Большое ветвистое дерево во дворе красного дома
не спеша
погружается Витебск,
и глубже становятся звуки.
Слышен редкий смешок, это пращур украдкой
на свадьбу
смотрит с крыши.
«Родина художника Шагала». Владимир Леванский
Я хорошо помню, что мне очень нравилось забираться на самую верхушку могучего тополя, стоящего посередине двора, откуда было удобно наблюдать за тем, что происходило вокруг. Иногда моей соседкой там была бездомная рыжая кошка, которую подкармливала женщина с первого этажа красного дома, крыша которого соприкасалась с густой тополиной кроной. Кошачье блюдце и чашка с водой неизменно находились у подножья древесного исполина, и кошка, наверное, считала это дерево своим и была не в восторге от моего соседства. Едва приметив меня, взбирающегося по узловатым сучьям наверх, кошка, перепрыгивая с ветки на ветку, уходила на безопасную крышу и устраивалась там между закопчённых печных труб и заржавевших антенн.
С моей верхотуры отлично была видна вся окрестная Тюмень, редко где дораставшая до уровня третьего этажа, шумевшая яблоневыми садами, пестревшая уютными двориками и фундаментально переплетённая деревянными тротуарами в четыре доски.
Но больше всего мне нравился старый кирпичный дом рядом с тополем. Тополь и дом стояли, полуобнявшись, в огромном дворе, огороженном ветхим забором, служившем естественной границей, за которой простирались мои владения, а если быть более точным, находился дом моей бабушки, с таким же просторным и уютным двором. Конечно, этот забор не был для меня преградой, и я привычно занимал свой наблюдательный пост на удобно изогнутой тополиной ветке.

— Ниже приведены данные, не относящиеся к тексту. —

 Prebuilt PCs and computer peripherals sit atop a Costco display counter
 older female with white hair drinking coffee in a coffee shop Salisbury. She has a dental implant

В красном доме жили по преимуществу женщины. Мужчин, старше наших отцов, которые были во время войны детьми, там было всего лишь трое: дворник дядя Мурат, утративший слух после контузии, дядя Вечя, потерявший ноги и катавший нас, мальчишек, на своей инвалидной машине, и сердитый старик с канарейкой, которого мы все боялись и почти ничего о нём не знали. Старик жил в первой квартире углового подъезда и двери в его квартиру были всегда открыты настежь. Я старался не попадаться ему на глаза, но не мог отказать себе в удовольствии слушать чудесные песни его канарейки, щебетание которой занимало меня гораздо больше, чем любое, известное мне тогда, музыкальное произведение. Канарейка пела, и всё вокруг приобретало волшебные очертания: обшарпанный угол дома наряжался в разноцветные тени густой листвы, утоптанная глина двора начинала сиять лаковым глянцем, а главенствующий над этим всем высоченный тополь становился чинным и торжественным. Всё вокруг внимало пению канарейки и на это время смолкали все прочие звуки: никто не гремел железными тазами и не включал радио, не высовывался из окон и не окликал моих малолетних друзей, не шумел, не разговаривал и не хлопал дверьми.
Наверное, всякий раз я находил в её пении что-то новое потому, что не имел возможности прослушать весь её неповторимый репертуар. Что нельзя было сказать о тополе, который никогда отсюда не отлучался и, как мне представлялось, всё знал и всё помнил. И я догадывался, о чём шептала его листва. Он любил рассказывать о том довоенном времени, когда в красном доме были настежь открыты все двери и окна, откуда играющих во дворе наших отцов окликали не только высокие женские, но строгие низкие мужские голоса. Старый тополь знал всех и каждого, чьи портреты теперь висели в траурных рамках в каждой квартире. Мы, их внуки, часто играли во дворе в «войну», и под старым тополем бросали жребий, кому из нас быть немцами, потому что немцами не хотел быть никто. Тогда мы ещё не могли знать, что немцы и в будущем будут мечтать о том, чтобы в нашей стране внуки могли видеть своих дедов только на фотографиях в траурных рамках.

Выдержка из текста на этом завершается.